FIELD OF THE INVENTION
This disclosure is related to impact protection system in general and, more specifically, to impact protection systems for in-store displays.
BACKGROUND OF THE INVENTION
Grocery stores, warehouse clubs, and other retailers often make use of large open-top chest style freezers and refrigerators. Customers may be able to walk up and view cold or frozen merchandise and reach inside to make their selections. While this is convenient for the customer, the freezers often impede thoroughfares used by stocking crews to transport goods from one location in the store (e.g., a stockroom) to another (e.g., a display space). Moreover, in larger retail environments, pallet skids, forklifts, or other power equipment may be used to increase efficiency, but further increase traffic.

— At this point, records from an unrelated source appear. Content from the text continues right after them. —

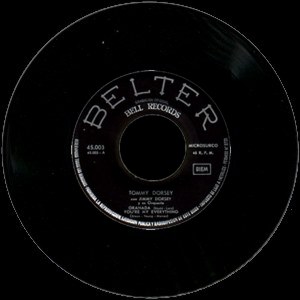 Tommy Dorsey - Belter&nbsp;45.003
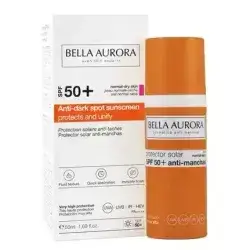 bella aurora aNTI DARK SPOT SUNSCREN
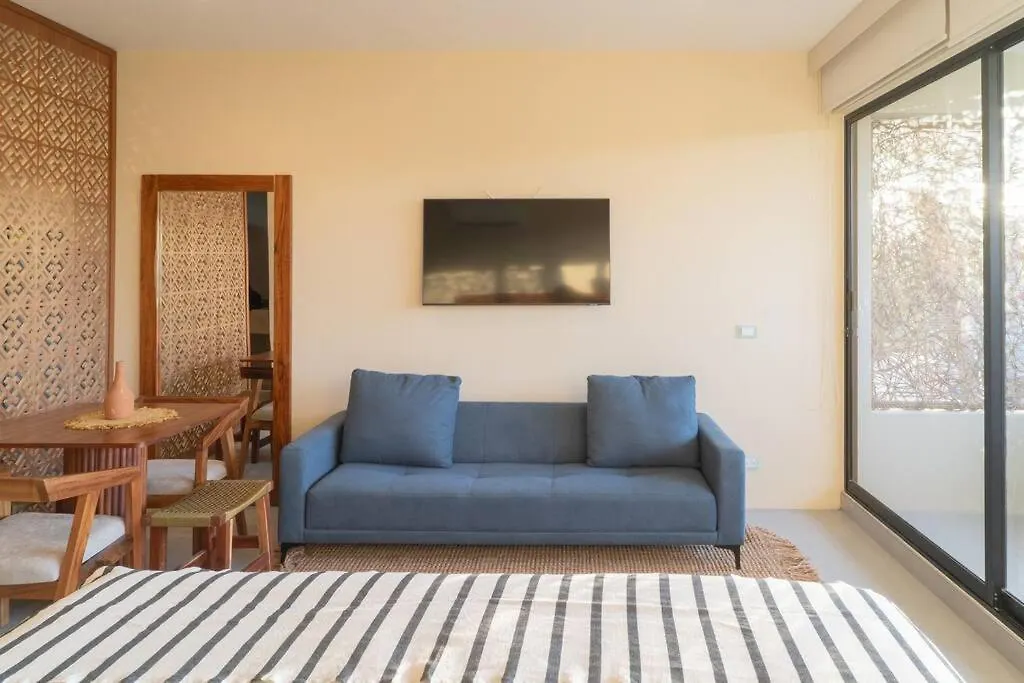 New Studio-Tulum-Private Terrace 0*, Tulum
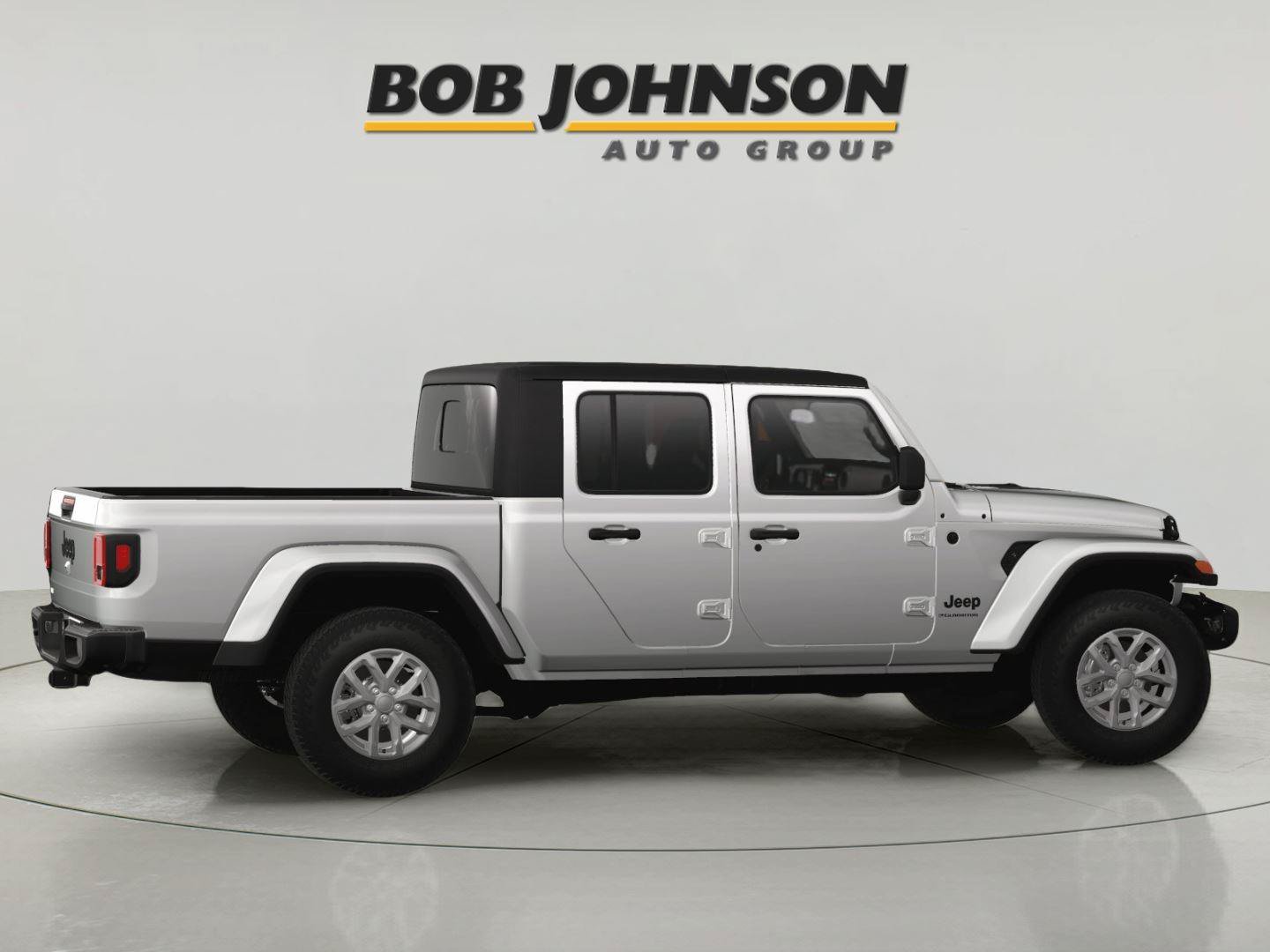 New 2023 Jeep Gladiator Sport AWD/4WD image 6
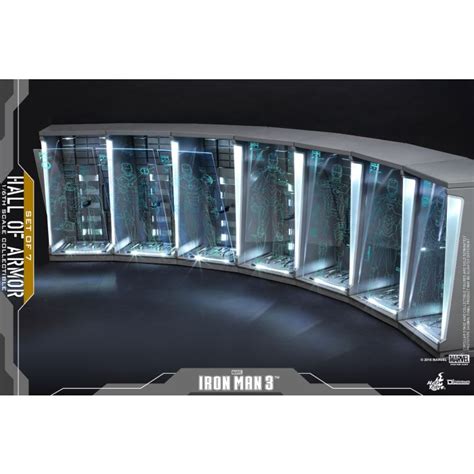 Hot Toys Ds Iron Man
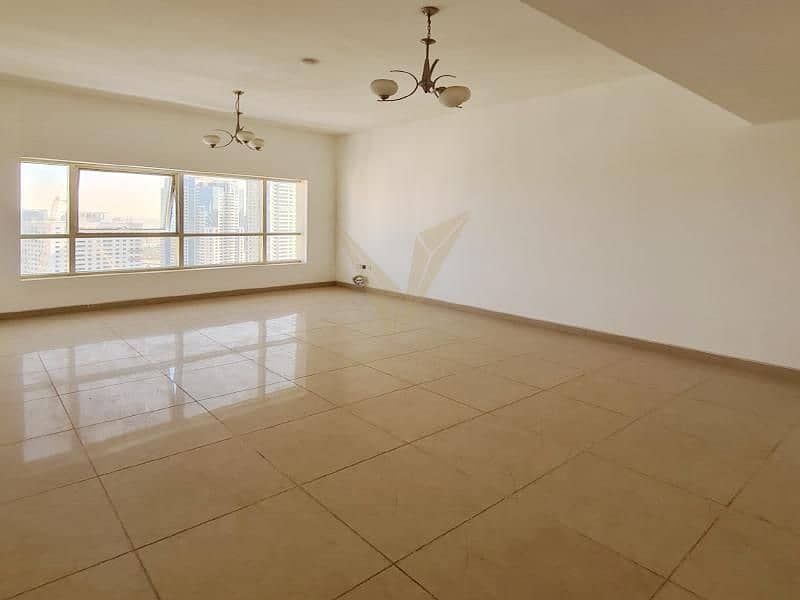 3 Vacant Asset | 2BR in Rose Tower at Al Khan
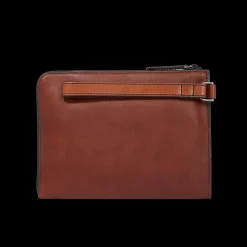 Portadocumenti in pelle uomo-The Bridge Discount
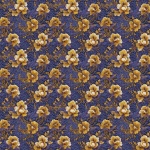 Floral Fabric 12
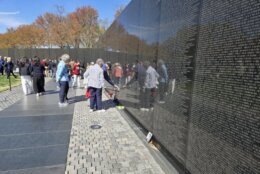 Vietnam Veterans Memorial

Unfortunately, collisions will occur between the power equipment and the display freezers. While the power equipment is typically quite rugged and able to withstand these impacts, the freezer units typical suffer unacceptable damage. In the past, freezers have been equipped with bumpers attaching directly to the freezer. These bumpers usually attach along the sides and will be larger at the corners to provide additional protection. However, the structure of the freezer itself is generally not strong enough to avoid damage over time, even with the bumpers.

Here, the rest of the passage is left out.